Faudal, fandaou
Faudal, Fandaou « tablier » est dérivé du mot gothique falda « pli ; ourlet ». Cf. l’allemand falten, anglais fold « plier », néerl. vouwen, (autrefois vouden), vouw « pli ». Sens conservé à Lasalle (Gard) faudo « pli » et Alès faoudo « poitrine de bœuf » (S).
En languedocien il y a deux dérivés concurrents 1) –ale comme fudaou, fandaou « tablier » . 2) –ile comme en Lozère fudyao. Parfois on fait une distinction entre tablier pour homme ou femme. Autres dérivés : se refaudi « se blottir, se refugier (sous-entendu dans le giron) » et refaudi « refuge ».
Les Wisigoths et plus tard les Ostrogoths ont occupé la Septimanie chère à Georges Frêche, de 419 à 711.
Une leçon de géographie linguistique.
La comparaison de la répartition géographique des mots pour désigner le tablier en France et en Italie, nous montre que l’histoire des mots reflète l’histoire politique et culturel d’un pays. En France, tous les types dialectaux, comme devancièr, escorcuel, fauda et faudère, etc.ne se trouvent que dans la périférie, en Wallonie, Flandres, Gascogne, Languedoc. Le mot adopté par l’Ile de France a remplacé les mots locaux à partir de Paris en suivant les grandes routes. D’abord le type devantier s’est répandu à partir de Paris et plus tard le type tablier. La cartographie du progrès des types devantier et tablier ressemble beaucoup à celle des lignes de la SNCF et des grandes routes. En Italie par contre il n’y a jamais eu un pouvoir central jusqu’à Garibaldi; là on trouve un mot piémontais, milanais, vénitien, etc. Chaque région a sa propre identité.
A la base de cette carte se trouve celle de l’Atlas linguistique de la France (ALF) n° 1274. Les différents types lexicaux sont représentés par un rainurage différend. Voir en haut à droite de la carte.
Nous voyons bien que lors des enquêtes pour l’ALF autour de 1900, le type dominant en France pour désigner le tablier était devantière. Tous les autres types lexicaux comme falder, fauder, escorcuel, banette, ne se trouvent que dans la périphérie du domaine galloroman.
Le type fald- domine en Provence dans l’est du languedocien et en franco-provençal. Ce domaine continue dans le Nord de l’Italie. Mais nous voyons aussi un genre de grande île fald- dans le centre du languedocien. On a le sentiment que le type dominant devantière a fait une percée vers la côte méditerranéenne. C’est ce qui s’est produit. Les textes en ancien occitan prouvent que le type fald- occupait une zone bien plus grande. Sous la pression de la langue officielle qui désignait le tablier avec le mot devantière le falder a reculé. Il est plus chic de porter une devantière qu’un fudaou, ou un fandaou. Parfois ce sont les hommes comme le forgeron qui continuent à porter le dernier.

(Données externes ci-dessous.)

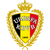 Supercup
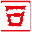 北京利达华信电子股份有限公司-致力于人类安全与环境保护的多元化经营企业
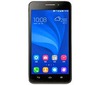 Huawei Honor 4 Play,
cena na Allegro: -- brak danych --,
sieć: GSM 900, GSM 1800, GSM 1900
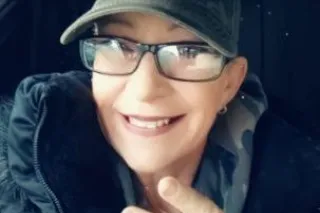 older but fun and respectful - Image 5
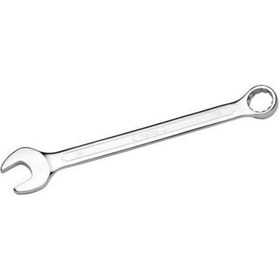 Resim Kombine Anahtar 9 Mm N11.16899 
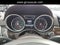 2018 Mercedes-Benz GLE GLE 350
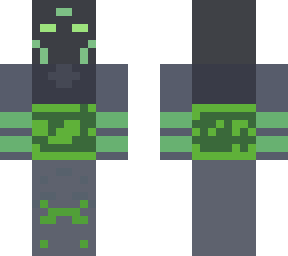 marvel's avengers super adaptoid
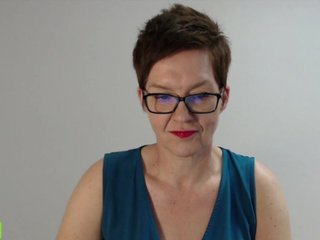 कामुक वीडियो चैट SofieVelvet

L’escorcuel est porté dans les dép. du Nord et du Pas de Calais, l’ouest de la Wallonie et des îlots plus au Sud, qui témoignent d’une extension autrefois plus grande. Ces parlers ont le soutien de la région voisine flamande, puisqu’en flamand et en néerlandais le tablier s’appelle schort. Là aussi comme dans le domaine fald-, la devantière a gagné du terrain, surtout dans les Ardennes et le pays de Liège.

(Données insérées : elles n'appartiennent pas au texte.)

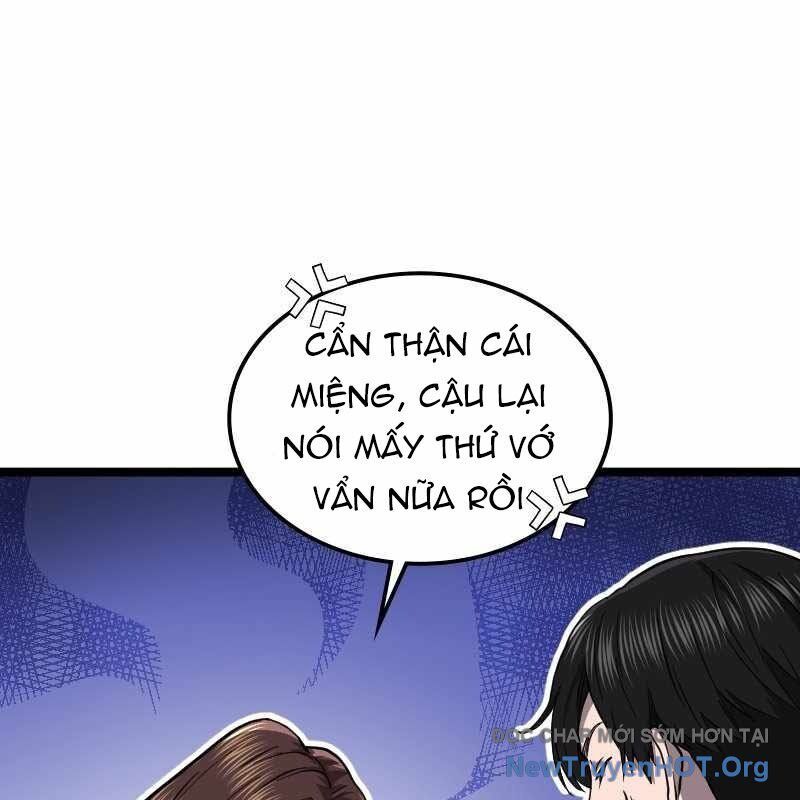Thôn Phệ Giả Thức Tỉnh: Chapter 11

La banette dans le Nord du dép. de la Meuse désigne surtout le tablier de travail de l’homme et tablier tout court par extension de sens. Le ceignoir ne se trouve que dans la Somme.
Si onous pouvions refaire le travail de Gilliéron maintenant, nous verrions certainement que le type tablier a fait de grands progrès et a supplanté la devantière dans de nombreux parlers. Pourtant en 1900 tablier n’occupait que Paris, l’Ile de France et des pays avoisinants, mais on voit sur la carte qu’il y a déjà des têtes de pont dans la direction du sud-ouest et le sud-est, vers Bordeaux et vers Lyon-Marseille, en suivant les grandes routes de communication et de commerce. L’histoire se répète : il est plus chique de porter un tablier qu’une devantière.
La France est LE pays de la centralisation.
Quelle différence avec la carte du même concept en Italie où chaque région a gardé son identité: Le Piémont et la Vallée d’Aoste qui continuent la zone occitane du type « FALD-« , qu’on retrouve en Sicile et en Sardaigne!!!, Milan « SCOSSAL », Venise « TRAVERSA » et ainsi de suite. C’est l’histoire politique, économique et sociale qui explique cette richesse lexicale.